Fire up the crop duster: Drop Pot Brownies! It doesn't matter what kind of demon they have protecting them, nothing has more power over a child than the smell of fresh-baked brownies--especially when you've been existing on nothing but raw corn for months. Drop a few pot-laced batches over the focal point of the infestation and wait for the hungry vermin to gobble them up. When you hear "Redemption Song" or "Comfortably Numb" in the distance, that's your cue to drive into the field, round them up (they won't resist) and dump them at the nearest 24-hour diner, where they'll share a plate of gravy fries and talk about death till the sun comes up.
Great stuff. Another lovely bit is that the author give 4 sure-fire ejection seats to use if you can't escape the Terrorverse, things like spouting beautiful dialogue or getting to a cost prohibitive location. A 6. If you liked The Zombie Survival Guide you'll like this. Trust me. The last few pages even tell you how to defeat the big man, Satan, himself!

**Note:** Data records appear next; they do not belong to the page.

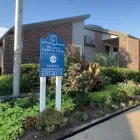 Business 4 image COUNTRY CREEK APARTMENTS Condo Building in Oklahoma City OK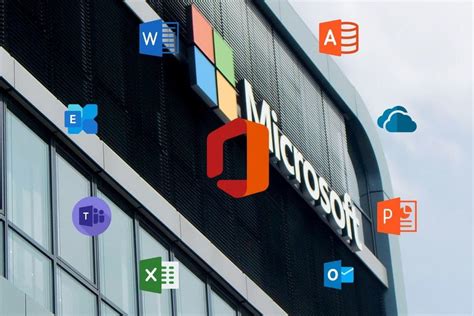 microsoft office yorku, Microsoft offices. Oficinas oficina comodidad nashville onboarding officesnapshots snapshots enemigos residuos cero compromete 2030 kebut intriper solida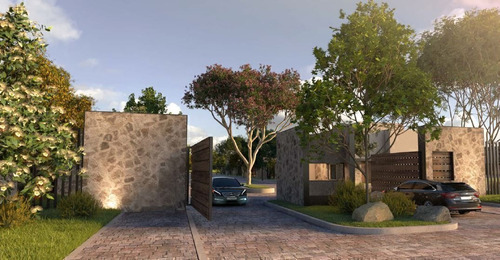 Imagen 4 de 17 de Terrenos En Venta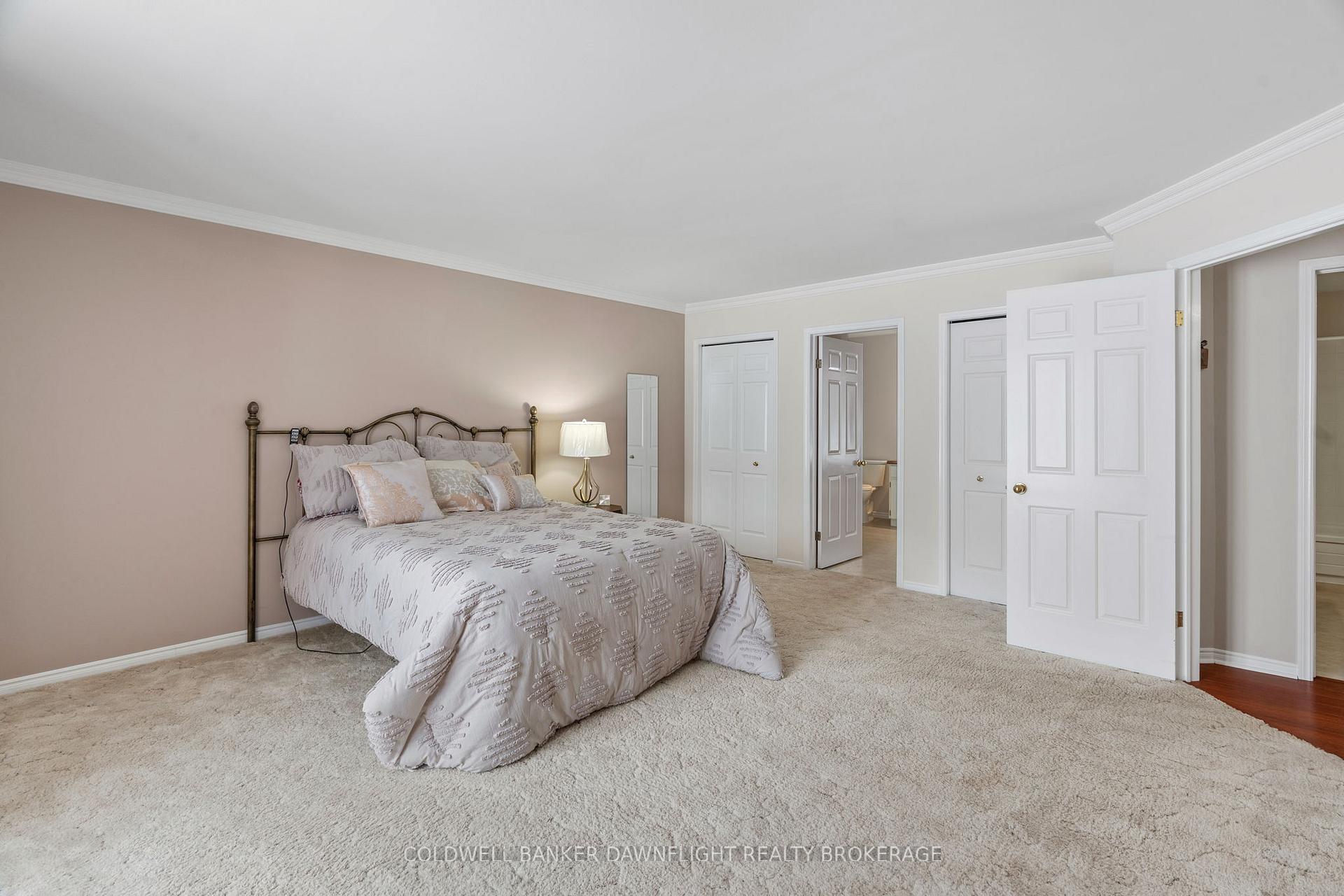 Photo 25 of 519 Edward Street, South Huron, Exeter — HOMEH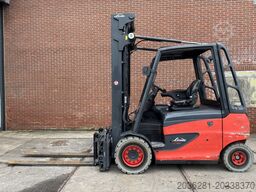 Linde E45H-01/600
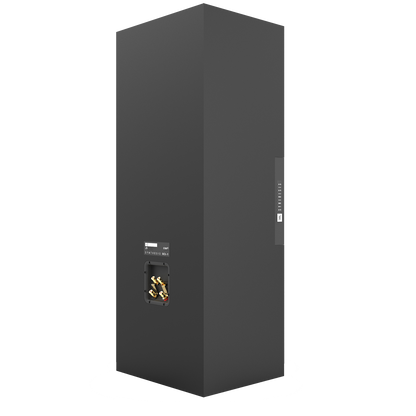 JBL SCL-1 Floorstanding HI FI speaker-🟢 PremiumHIFI audio store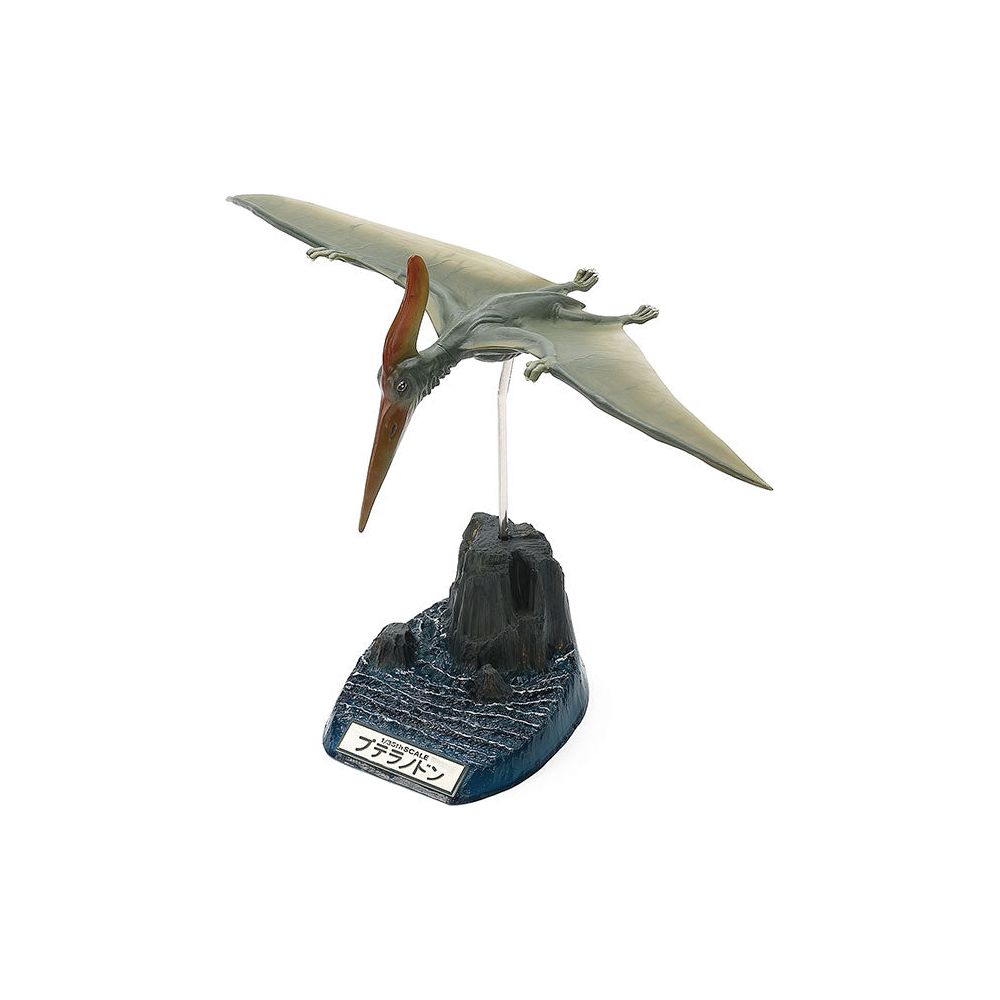 TAMIYA 1/35 PTERANODON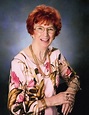 Ruby FitzPatrick Obituary (1933 - 2022) - Colorado Springs, CO - The ...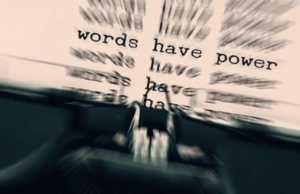 State Court Kills School’s Plan to Secretly Change Student Pronouns | The Gateway Pundit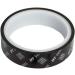 DT Swiss RXTAPE42 Bike Parts - Standard 42mm | Unisex-friendly - Buy Online on GoSupps.com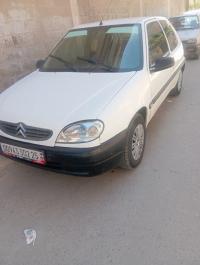 سيارات-citroen-saxo-2002-قسنطينة-الجزائر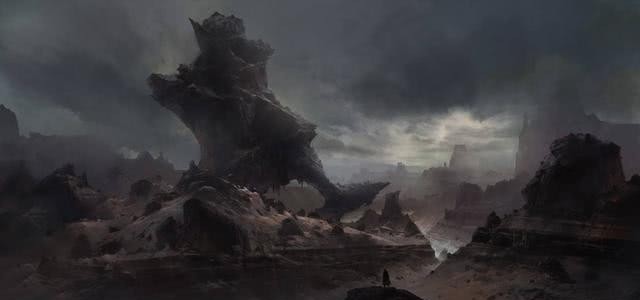 民族|“华夏”放在一起说,是不是夏朝的时候,另外还有一个“华朝”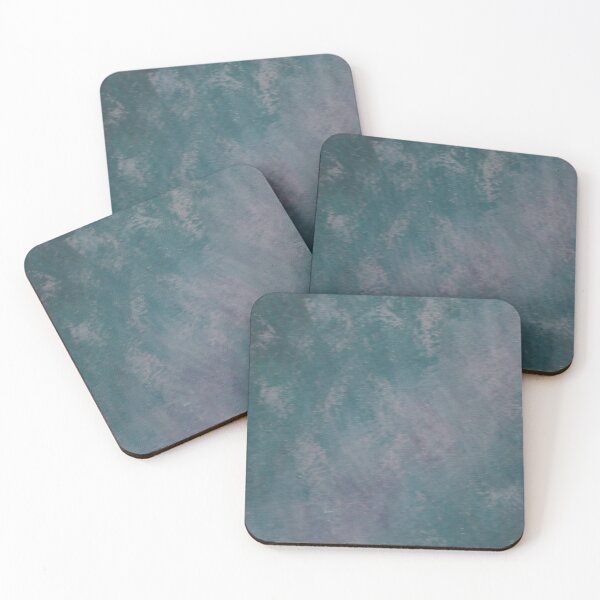 Item preview, Starry Skies designed and sold by Marcia301.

I also completed A Wrinkle in Time by Madeleine L'Engle. I thought, before I read it, that I might have read it before. I am almost certain now that I did not. I may not have remembered the specific events but I would have remembered the Mrs. Whatsit, Whos, and Which. I did like it am going to drop it into my YA challenge list since I just can't seem to read the books I've actually got on the list. I'm not going to go over the story. A weird blend of sci-fi and fantasy, I really immediately liked Meg, the main character. I thought it ended a touch abruptly but since it is the first in a series that can be forgiven. A 5 from me.